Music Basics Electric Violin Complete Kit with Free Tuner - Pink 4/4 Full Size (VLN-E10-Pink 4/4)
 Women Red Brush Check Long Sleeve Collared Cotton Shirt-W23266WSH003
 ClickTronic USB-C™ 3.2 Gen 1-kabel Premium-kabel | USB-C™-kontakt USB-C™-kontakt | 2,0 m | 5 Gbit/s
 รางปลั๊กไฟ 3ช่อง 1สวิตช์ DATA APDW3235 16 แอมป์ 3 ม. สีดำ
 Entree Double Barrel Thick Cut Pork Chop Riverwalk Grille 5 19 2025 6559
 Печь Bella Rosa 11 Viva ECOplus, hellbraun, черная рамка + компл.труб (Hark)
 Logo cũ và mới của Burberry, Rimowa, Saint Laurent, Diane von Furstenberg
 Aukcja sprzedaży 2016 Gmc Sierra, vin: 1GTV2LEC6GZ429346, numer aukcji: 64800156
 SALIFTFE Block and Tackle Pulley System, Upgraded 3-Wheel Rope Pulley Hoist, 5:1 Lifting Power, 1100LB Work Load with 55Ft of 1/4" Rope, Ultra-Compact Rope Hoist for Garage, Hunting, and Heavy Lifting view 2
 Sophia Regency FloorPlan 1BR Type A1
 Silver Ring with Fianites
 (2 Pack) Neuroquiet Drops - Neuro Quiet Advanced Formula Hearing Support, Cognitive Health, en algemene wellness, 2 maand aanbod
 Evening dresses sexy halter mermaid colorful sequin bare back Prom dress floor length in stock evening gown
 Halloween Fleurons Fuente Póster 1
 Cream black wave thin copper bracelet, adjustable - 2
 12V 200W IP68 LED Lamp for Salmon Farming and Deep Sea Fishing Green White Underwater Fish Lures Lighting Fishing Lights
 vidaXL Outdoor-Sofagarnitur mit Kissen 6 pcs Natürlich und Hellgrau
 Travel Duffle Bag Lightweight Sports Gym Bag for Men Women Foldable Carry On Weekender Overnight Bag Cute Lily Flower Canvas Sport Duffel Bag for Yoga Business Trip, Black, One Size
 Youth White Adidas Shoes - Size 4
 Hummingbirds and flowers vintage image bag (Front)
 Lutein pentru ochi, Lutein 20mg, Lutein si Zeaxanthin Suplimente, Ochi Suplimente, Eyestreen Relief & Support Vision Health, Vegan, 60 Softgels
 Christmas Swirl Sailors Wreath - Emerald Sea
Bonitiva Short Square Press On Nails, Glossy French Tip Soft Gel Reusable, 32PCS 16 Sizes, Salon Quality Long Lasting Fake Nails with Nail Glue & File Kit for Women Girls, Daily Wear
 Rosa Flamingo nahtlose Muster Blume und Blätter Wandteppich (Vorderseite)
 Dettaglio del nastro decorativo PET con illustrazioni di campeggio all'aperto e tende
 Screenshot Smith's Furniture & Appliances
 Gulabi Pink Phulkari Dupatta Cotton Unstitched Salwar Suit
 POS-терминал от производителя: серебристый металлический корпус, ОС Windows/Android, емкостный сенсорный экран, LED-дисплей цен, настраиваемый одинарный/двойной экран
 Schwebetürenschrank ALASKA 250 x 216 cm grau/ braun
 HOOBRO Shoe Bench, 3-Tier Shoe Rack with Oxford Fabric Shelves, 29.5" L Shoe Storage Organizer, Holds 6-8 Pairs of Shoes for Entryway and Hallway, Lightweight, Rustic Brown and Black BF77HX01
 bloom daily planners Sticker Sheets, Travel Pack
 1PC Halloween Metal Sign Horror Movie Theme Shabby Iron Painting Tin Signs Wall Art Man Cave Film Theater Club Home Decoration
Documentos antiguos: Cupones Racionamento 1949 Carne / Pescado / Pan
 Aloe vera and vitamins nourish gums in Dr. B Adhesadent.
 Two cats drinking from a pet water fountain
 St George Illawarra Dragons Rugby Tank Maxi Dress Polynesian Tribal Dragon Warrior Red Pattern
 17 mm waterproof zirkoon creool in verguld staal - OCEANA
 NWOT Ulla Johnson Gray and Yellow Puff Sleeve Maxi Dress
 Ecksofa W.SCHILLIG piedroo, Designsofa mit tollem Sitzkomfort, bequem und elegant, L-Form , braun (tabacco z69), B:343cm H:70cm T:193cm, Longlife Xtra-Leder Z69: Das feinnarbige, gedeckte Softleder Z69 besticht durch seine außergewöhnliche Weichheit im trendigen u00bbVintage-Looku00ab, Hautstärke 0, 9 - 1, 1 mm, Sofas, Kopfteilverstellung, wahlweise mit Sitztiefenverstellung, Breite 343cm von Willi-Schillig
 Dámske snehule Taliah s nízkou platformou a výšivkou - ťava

================================

▸ To do
For the data above, state how many lines contain "Sleeve"; the number is the whole answer.

▸ Solution
2